═══ THE DATA
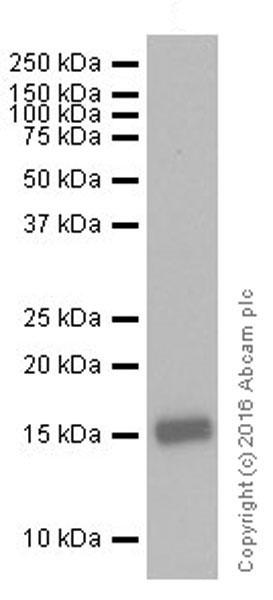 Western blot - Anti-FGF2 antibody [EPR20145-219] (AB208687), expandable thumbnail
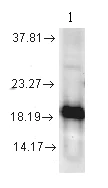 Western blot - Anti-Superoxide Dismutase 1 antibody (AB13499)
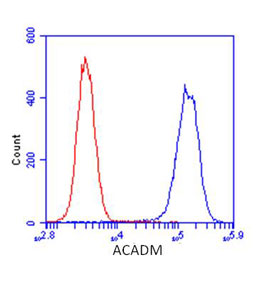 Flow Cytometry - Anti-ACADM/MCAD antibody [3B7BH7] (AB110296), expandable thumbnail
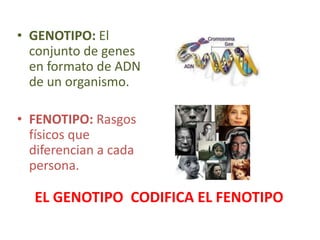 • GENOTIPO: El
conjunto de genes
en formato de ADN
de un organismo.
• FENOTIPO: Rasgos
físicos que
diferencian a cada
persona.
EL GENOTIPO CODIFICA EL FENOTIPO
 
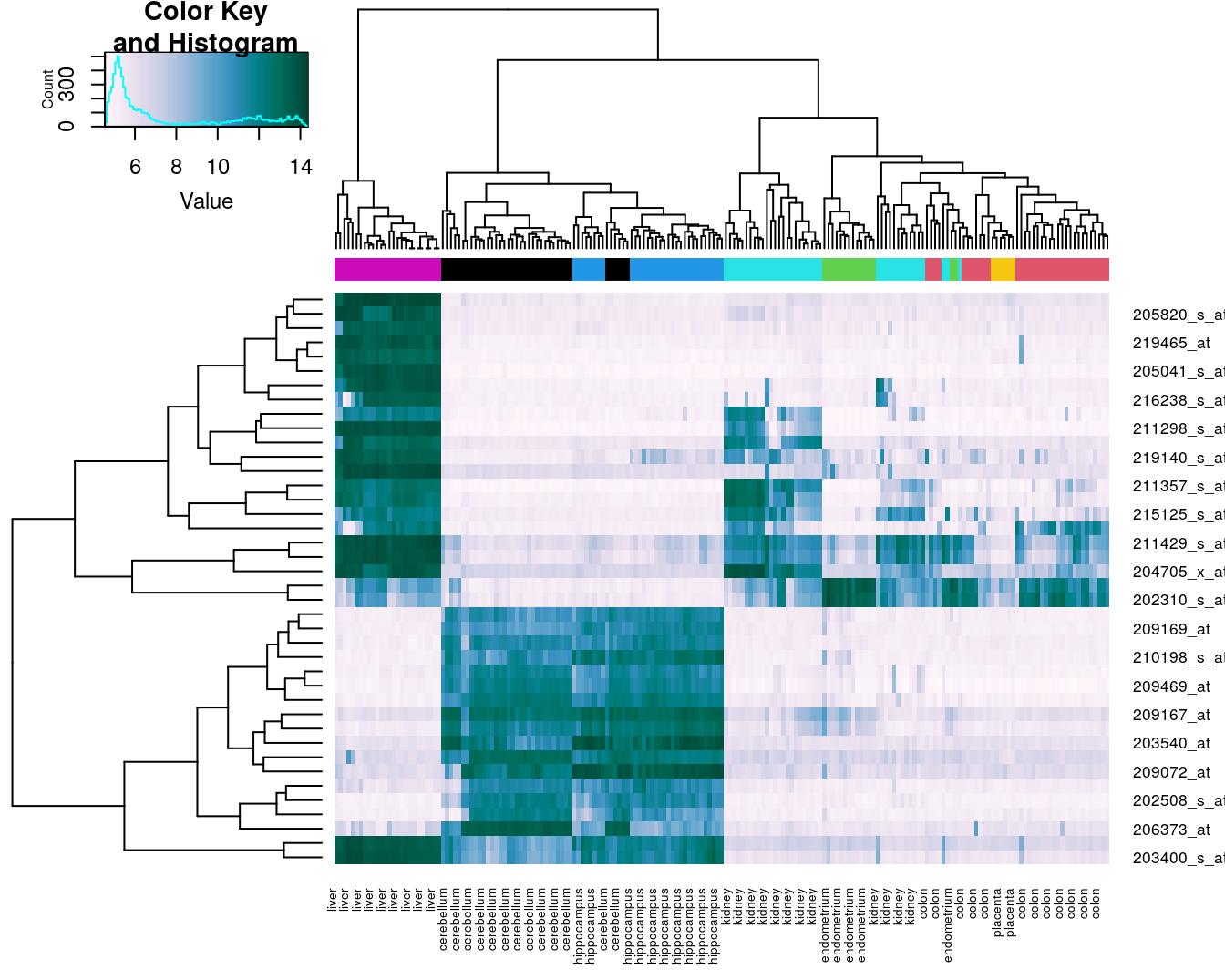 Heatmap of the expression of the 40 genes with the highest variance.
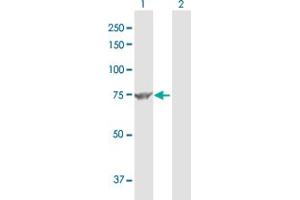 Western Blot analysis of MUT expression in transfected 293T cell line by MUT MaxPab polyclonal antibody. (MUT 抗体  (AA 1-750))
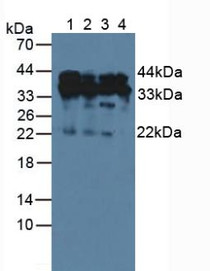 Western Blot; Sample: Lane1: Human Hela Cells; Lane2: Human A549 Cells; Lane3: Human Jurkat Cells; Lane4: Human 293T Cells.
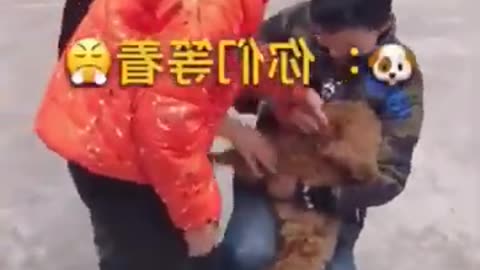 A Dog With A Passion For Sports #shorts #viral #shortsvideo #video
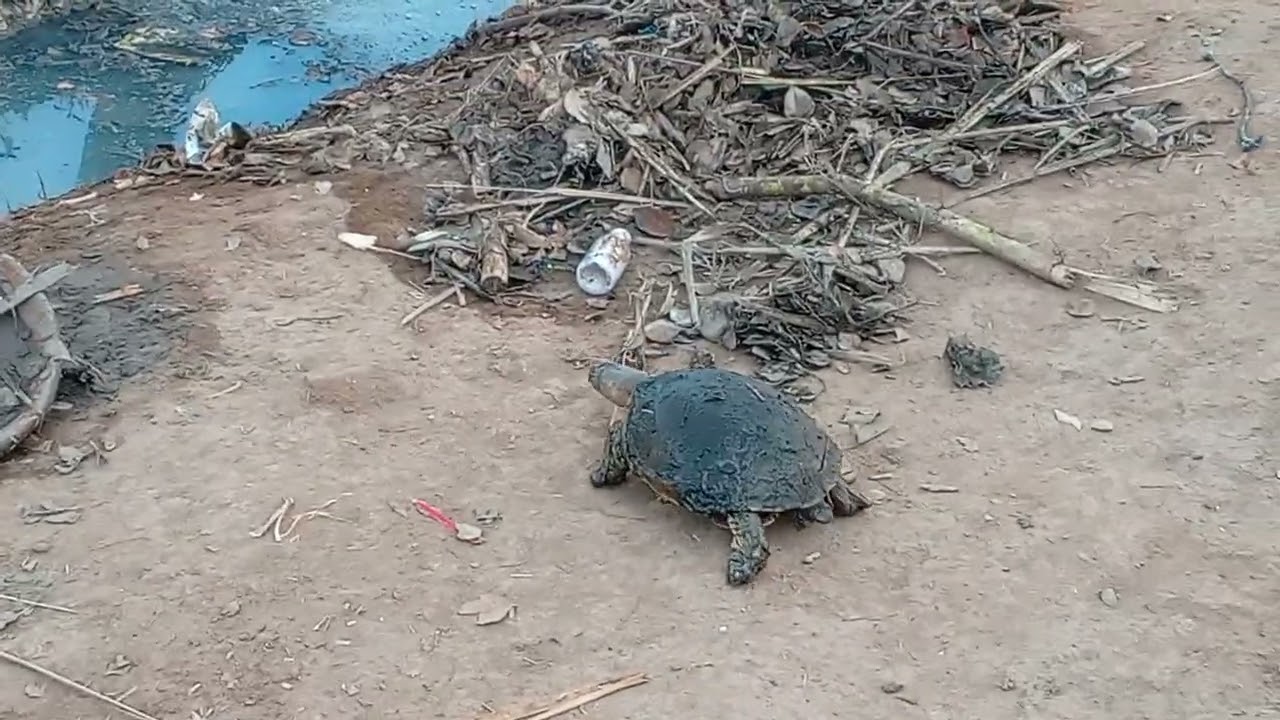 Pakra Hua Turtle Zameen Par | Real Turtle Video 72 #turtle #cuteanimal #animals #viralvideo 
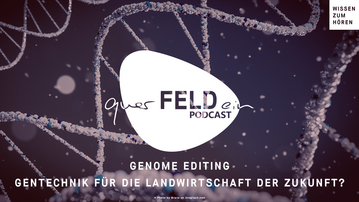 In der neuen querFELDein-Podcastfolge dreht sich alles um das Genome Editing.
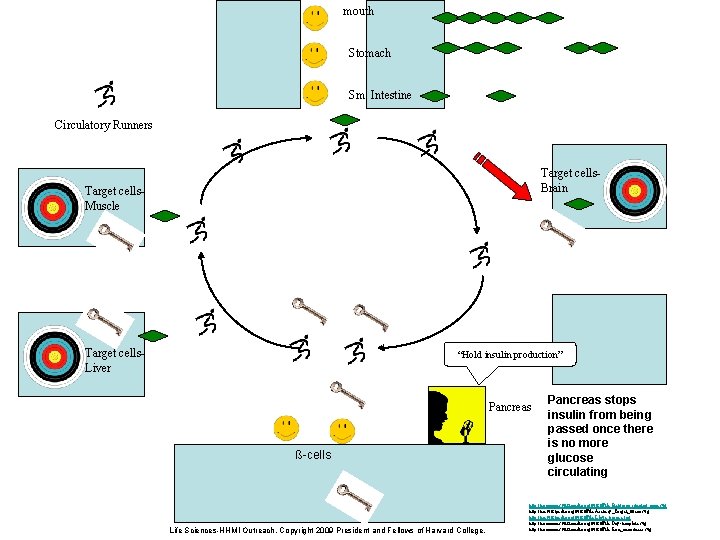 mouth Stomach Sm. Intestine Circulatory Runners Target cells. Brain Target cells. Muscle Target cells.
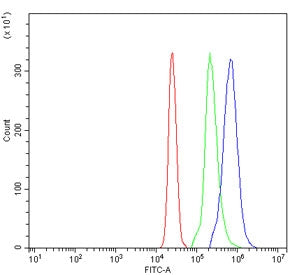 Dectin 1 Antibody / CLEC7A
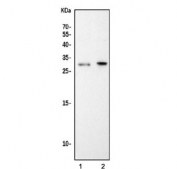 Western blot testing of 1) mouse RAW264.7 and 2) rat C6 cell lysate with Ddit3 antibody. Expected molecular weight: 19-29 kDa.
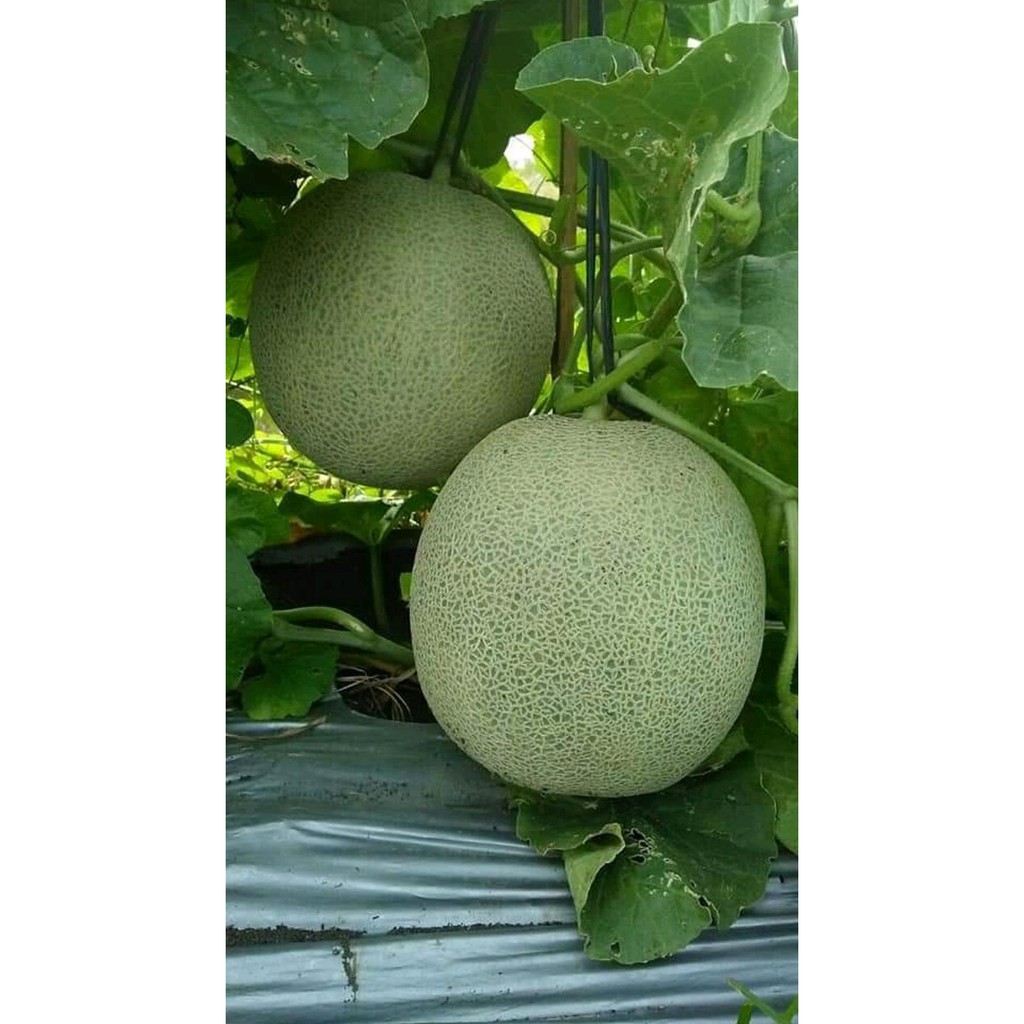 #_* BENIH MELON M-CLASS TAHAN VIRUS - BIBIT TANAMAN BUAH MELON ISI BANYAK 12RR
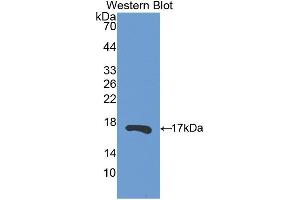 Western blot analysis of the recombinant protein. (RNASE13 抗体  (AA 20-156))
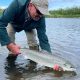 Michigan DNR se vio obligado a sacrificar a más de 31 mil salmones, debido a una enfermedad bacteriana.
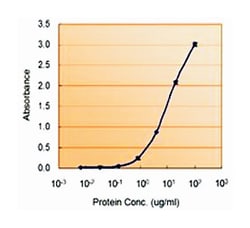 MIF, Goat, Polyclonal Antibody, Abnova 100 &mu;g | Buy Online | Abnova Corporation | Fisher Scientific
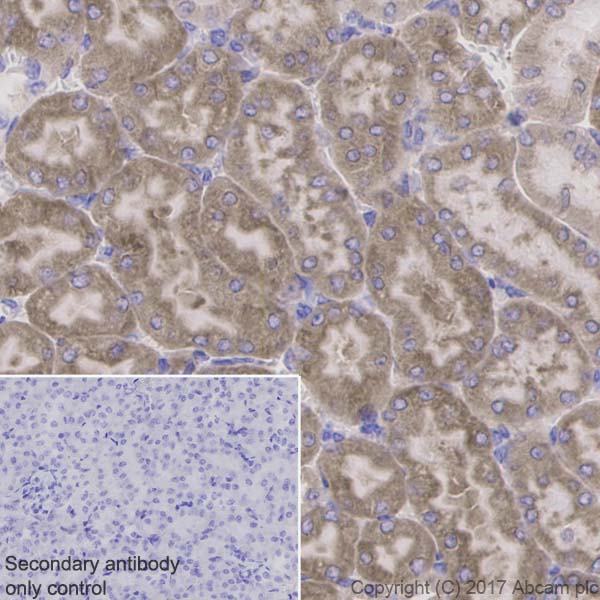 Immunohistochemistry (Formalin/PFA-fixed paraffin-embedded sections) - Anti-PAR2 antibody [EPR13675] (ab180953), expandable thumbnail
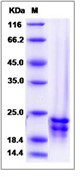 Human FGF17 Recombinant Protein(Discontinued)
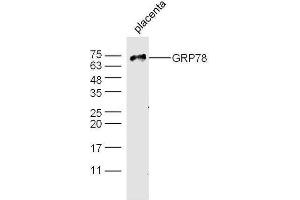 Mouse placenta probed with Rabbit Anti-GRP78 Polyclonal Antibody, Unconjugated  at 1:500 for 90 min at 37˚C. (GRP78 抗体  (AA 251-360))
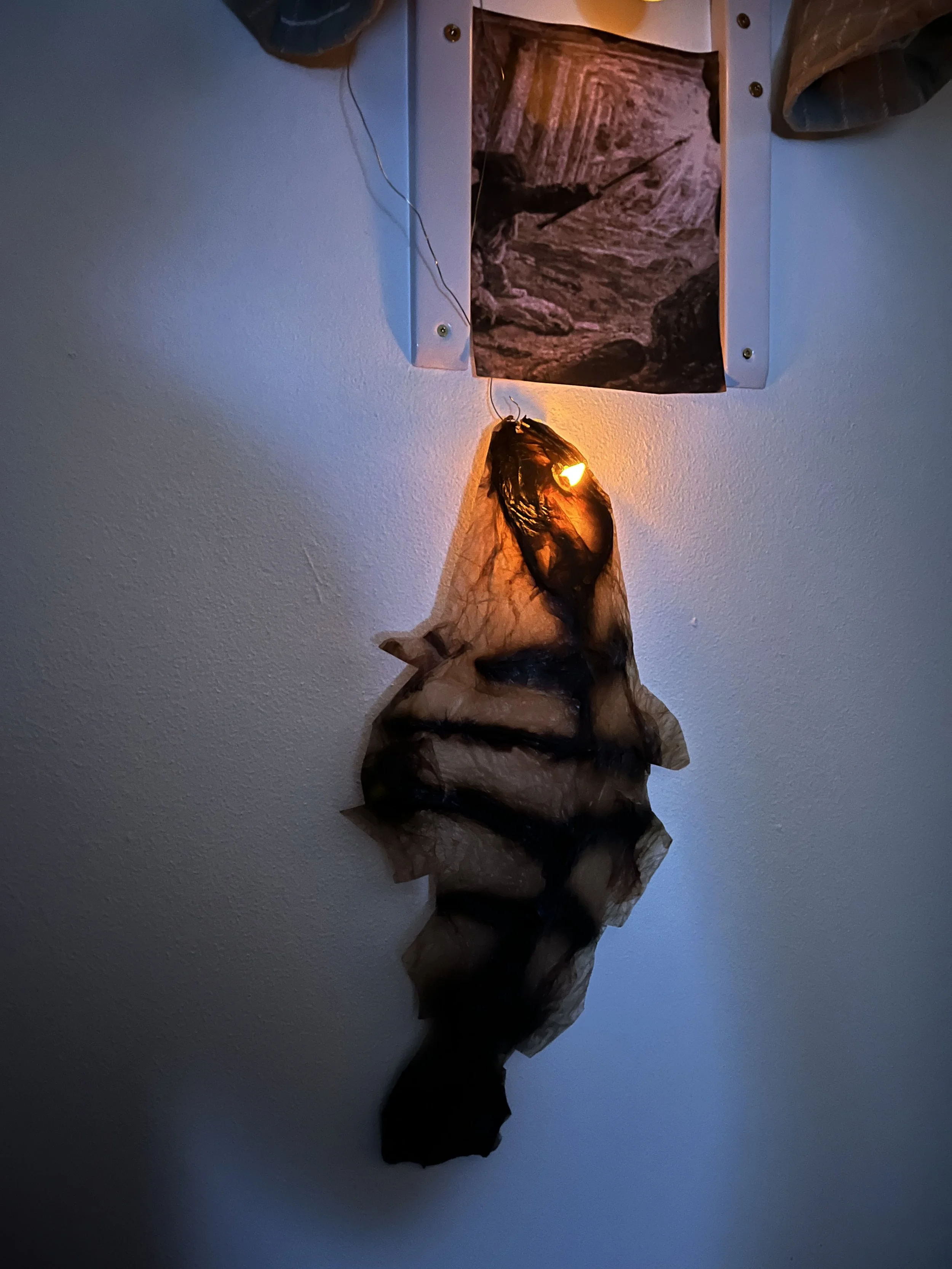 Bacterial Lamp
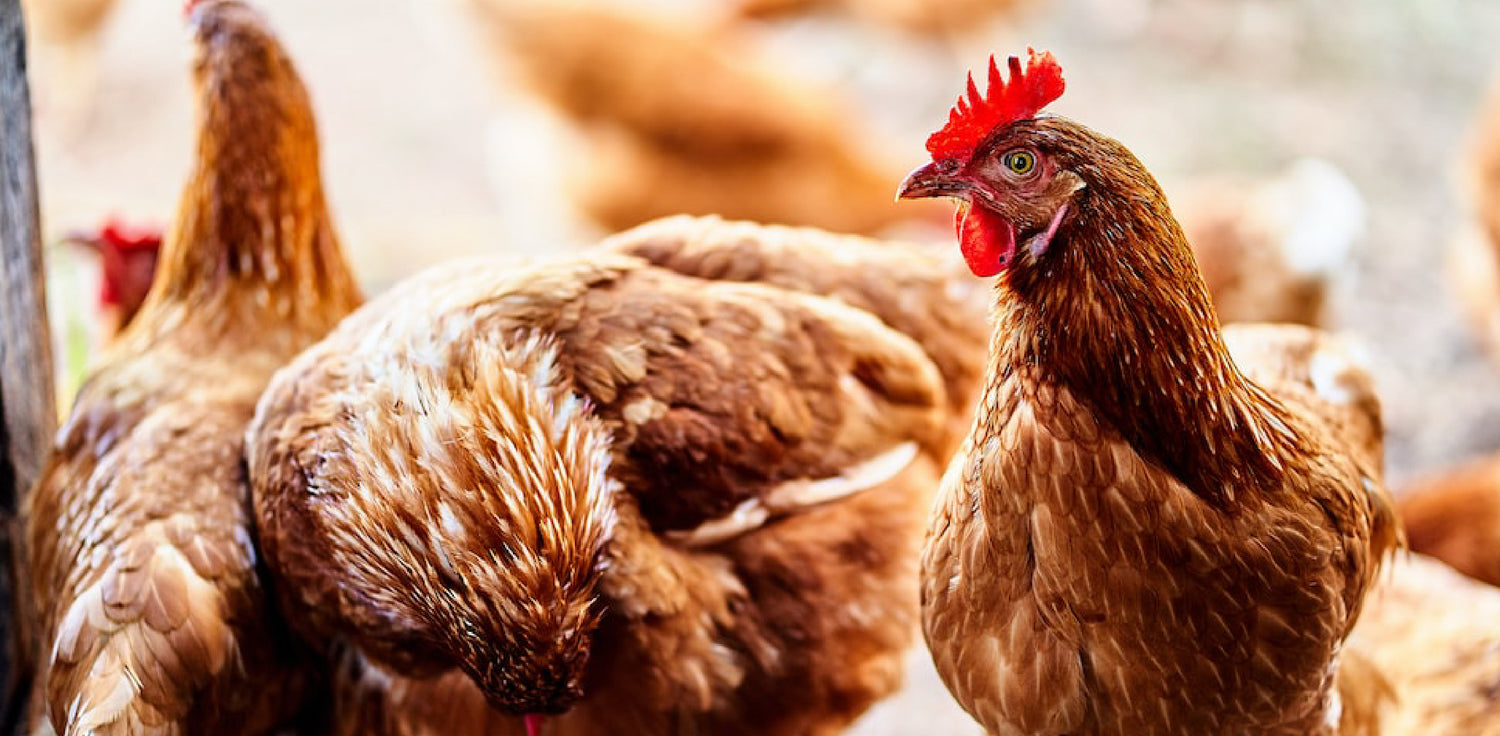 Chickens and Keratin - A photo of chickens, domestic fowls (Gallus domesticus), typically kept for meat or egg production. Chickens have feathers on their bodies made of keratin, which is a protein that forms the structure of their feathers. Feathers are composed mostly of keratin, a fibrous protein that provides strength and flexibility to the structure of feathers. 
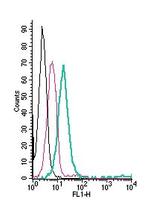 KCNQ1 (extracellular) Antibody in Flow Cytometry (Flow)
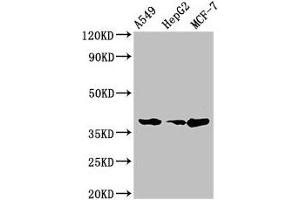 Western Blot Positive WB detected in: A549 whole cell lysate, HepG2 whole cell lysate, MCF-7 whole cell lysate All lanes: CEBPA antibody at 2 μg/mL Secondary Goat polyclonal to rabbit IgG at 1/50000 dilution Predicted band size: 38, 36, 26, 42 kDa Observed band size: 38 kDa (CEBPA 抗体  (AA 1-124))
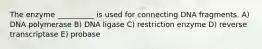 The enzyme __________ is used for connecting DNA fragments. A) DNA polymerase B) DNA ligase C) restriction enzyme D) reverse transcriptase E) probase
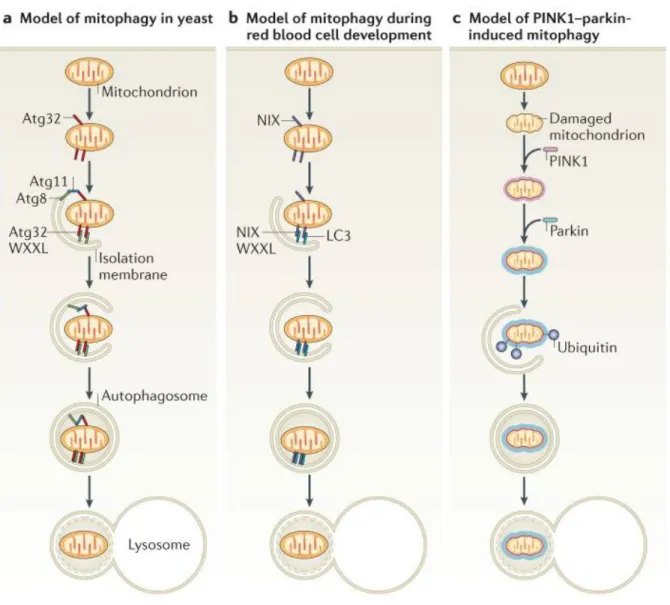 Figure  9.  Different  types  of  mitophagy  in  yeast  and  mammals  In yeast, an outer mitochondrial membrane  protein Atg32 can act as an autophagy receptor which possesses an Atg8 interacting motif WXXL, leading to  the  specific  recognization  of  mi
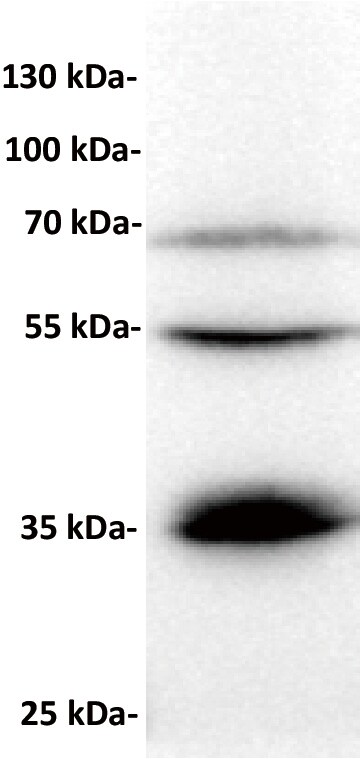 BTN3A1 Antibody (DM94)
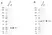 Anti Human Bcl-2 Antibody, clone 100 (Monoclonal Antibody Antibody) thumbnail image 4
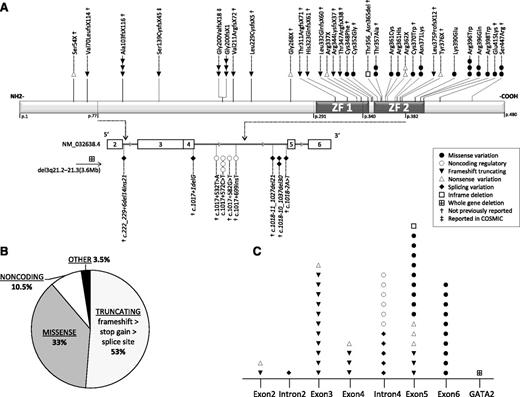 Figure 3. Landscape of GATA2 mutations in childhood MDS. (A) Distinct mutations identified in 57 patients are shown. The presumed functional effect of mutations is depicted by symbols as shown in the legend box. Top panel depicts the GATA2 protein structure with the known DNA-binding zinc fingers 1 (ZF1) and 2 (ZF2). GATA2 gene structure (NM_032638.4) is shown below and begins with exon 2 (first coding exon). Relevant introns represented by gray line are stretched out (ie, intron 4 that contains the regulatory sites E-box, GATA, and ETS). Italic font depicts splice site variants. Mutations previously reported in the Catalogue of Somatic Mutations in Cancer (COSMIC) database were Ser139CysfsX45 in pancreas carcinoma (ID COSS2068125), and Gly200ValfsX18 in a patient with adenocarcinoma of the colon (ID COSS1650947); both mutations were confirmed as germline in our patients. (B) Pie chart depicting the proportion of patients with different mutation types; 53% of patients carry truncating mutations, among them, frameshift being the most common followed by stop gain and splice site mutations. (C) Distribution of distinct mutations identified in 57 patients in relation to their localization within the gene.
══════
■ PROBLEM REQUIREMENTS ■
Would you please reproduce the entries above, starting at the line with "diferencian a cada" and stopping after the line with "Bacterial Lamp"? Omit any pictures.

■ EXPECTED OUTPUT ■
diferencian a cada
persona.
EL GENOTIPO CODIFICA EL FENOTIPO
 
 Heatmap of the expression of the 40 genes with the highest variance.
 Western Blot analysis of MUT expression in transfected 293T cell line by MUT MaxPab polyclonal antibody. (MUT 抗体  (AA 1-750))
 Western Blot; Sample: Lane1: Human Hela Cells; Lane2: Human A549 Cells; Lane3: Human Jurkat Cells; Lane4: Human 293T Cells.
 A Dog With A Passion For Sports #shorts #viral #shortsvideo #video
 Pakra Hua Turtle Zameen Par | Real Turtle Video 72 #turtle #cuteanimal #animals #viralvideo 
 In der neuen querFELDein-Podcastfolge dreht sich alles um das Genome Editing.
 mouth Stomach Sm. Intestine Circulatory Runners Target cells. Brain Target cells. Muscle Target cells.
 Dectin 1 Antibody / CLEC7A
 Western blot testing of 1) mouse RAW264.7 and 2) rat C6 cell lysate with Ddit3 antibody. Expected molecular weight: 19-29 kDa.
 #_* BENIH MELON M-CLASS TAHAN VIRUS - BIBIT TANAMAN BUAH MELON ISI BANYAK 12RR
 Western blot analysis of the recombinant protein. (RNASE13 抗体  (AA 20-156))
 Michigan DNR se vio obligado a sacrificar a más de 31 mil salmones, debido a una enfermedad bacteriana.
 MIF, Goat, Polyclonal Antibody, Abnova 100 &mu;g | Buy Online | Abnova Corporation | Fisher Scientific
 Immunohistochemistry (Formalin/PFA-fixed paraffin-embedded sections) - Anti-PAR2 antibody [EPR13675] (ab180953), expandable thumbnail
 Human FGF17 Recombinant Protein(Discontinued)
 Mouse placenta probed with Rabbit Anti-GRP78 Polyclonal Antibody, Unconjugated  at 1:500 for 90 min at 37˚C. (GRP78 抗体  (AA 251-360))
 Bacterial Lamp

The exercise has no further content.